Keep your patients’ families out of trouble by warning
them that there is a lot of misinformation in places such as the
Internet. Some of these “secret” oral formulas have led to metabolic
imbalances requiring emergent hospitalization for the child. More
commonly, though, the only negative consequences of unproven therapies
are a monetary loss for the families (tens of thousands of dollars for
some) and delay of standard treatment.

This subject is a minefield of troubles. First off, be sensitive—this is a time of insecurity about one’s body for adolescents without
a disease. One way to stay out of trouble is to make certain you offer
bracing to patients, and document that you offered it.
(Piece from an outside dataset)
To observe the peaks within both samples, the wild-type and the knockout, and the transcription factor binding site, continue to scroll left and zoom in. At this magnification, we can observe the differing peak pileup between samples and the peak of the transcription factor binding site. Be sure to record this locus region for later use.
There have been
lawsuits taking the position that if bracing had been used, surgery
could have been prevented. When a patient’s curve warrants observation
or bracing, it is important to gain the family’s confidence that you
are “doing all that can be done,” but the curve may progress anyway.
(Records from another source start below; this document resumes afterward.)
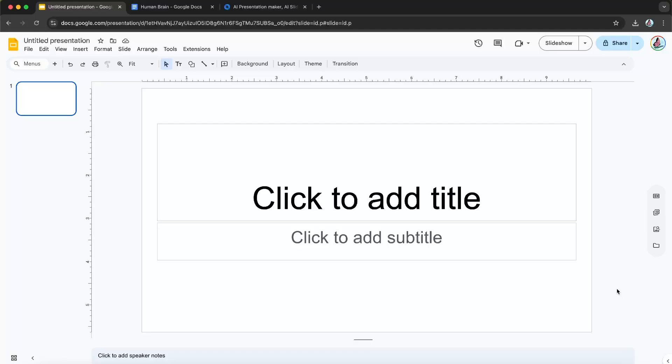Hello everyone, today I'll be showing you how to use our AI presentation maker for Google Slides. So starting off, I've created this empty Google slide right here.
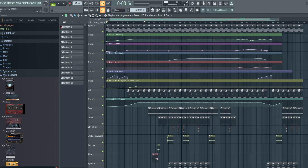Hey everyone, it's Synth Designer back again with another video. Today we're going to be looking at my latest song called Moonlight. It's kind of a chill wave, chill synth track that I created. We're going to go through all the sound design elements, some of the mixing elements, the arrangement — everything you need to learn about chill wave and chill synth. The purpose of this video is to inspire you and show you how you can create your own tracks.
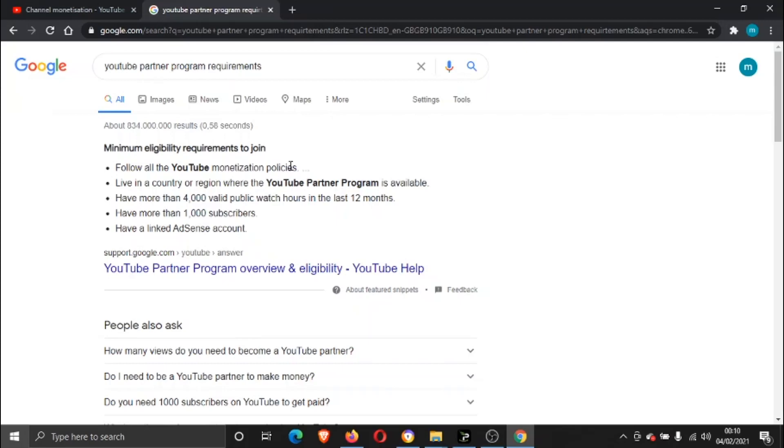The second point is you need to live in a country or region where the YouTube Partner Program is available. To be honest, 90% of the time you will be in a place where you can monetize your YouTube channel. It's only a couple of countries that would not be eligible, but pretty much all of them are.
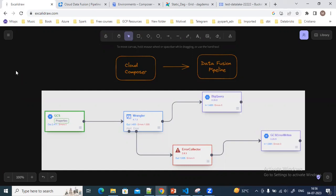In this video we are going to see how to create a batch pipeline using Cloud Data Fusion and then how to trigger that pipeline. As you can see on my screen, this is the pipeline which I have already created using Data Fusion in GCP, and then how to trigger the Data Fusion pipeline from Cloud Composer, which is the managed Airflow service available in GCP.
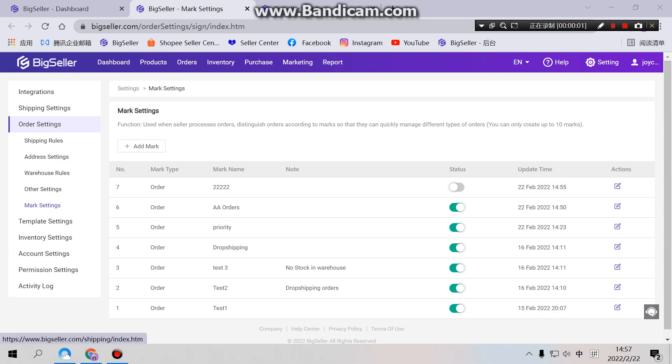Hi dear BigSellers. For this session we're going to talk about order marks. Basically, an order mark is for sellers to mark an order that is different from regular orders or has a special purpose, and should therefore be labeled to remind sellers.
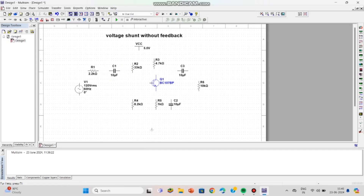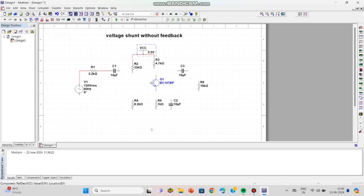Now connect the components. Very carefully, don't make any mistakes at the nodes where you are connecting the wires. If you connect the connections wrongly, the output will be wrong. Please follow the video while connecting the components.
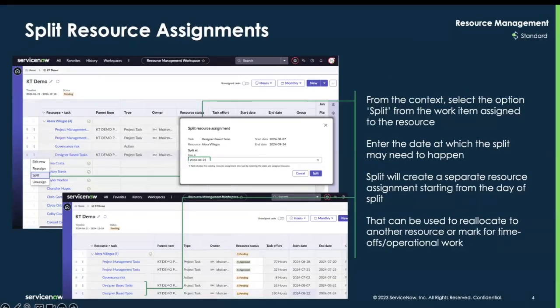The first update is split resource assignments. This allows users to allocate work to specific time slots, helping optimize resource utilization. Within the resource management workspace, when you drill into a user and select a resource assignment that's been created, all you have to do is select Split within the three dots menu, then hit Split Resource Assignment and enter the date at which the split will need to happen.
Make certain the family understands that efficacy of a brace is quite
controversial, and usage in no way guarantees cessation or improvement
of curve. A reasonable approach is to say that, at best, the curve will
not progress, and that lasting improvement is highly unlikely. A
discussion of rebound effect6 (that
the curve will worsen after brace treatment is discontinued) best
occurs early in the course of brace treatment to prevent later feelings
of failure.
In general, bracing candidates have between 20 and 45
degrees of scoliosis, with growth remaining, and usually documented
progression of at least 5 degrees, though the last requirement may be
overlooked for immature patients with open triradiate cartilage or if a
strong family history is present. Take a radiograph in the brace to
evaluate correction, as a poorly-made brace might not be doing anything
of value.
It is important that physicians who prescribe braces
understand enough about bracing to make suggestions. In patients with
thoracic hypokyphosis or lordosis, bracing may worsen the sagittal
contour. Pads should be placed laterally, to eliminate any anterior
force on the spine. Lateral radiographs of such patients should be
taken in the brace to make certain the thoracic spine is not pushed
more anteriorly in the brace.
One of the most important ways a scoliosis surgeon can
stay out of trouble is a family conference in which the surgeon sets
expectations, completes an explicit and exhaustive consent process, and
shows models for optimum understanding. Complete correction of
deformity should never be guaranteed, and it is important to clarify
that the child’s back will never be completely normal. While it is our
experience, and that of others7 that
scoliosis surgery often relieves back pain, this outcome is
unpredictable and should never be an expectation. Families should
understand that a second operation is quite possible, and we suspect is
more likely than most surgeons admit to themselves.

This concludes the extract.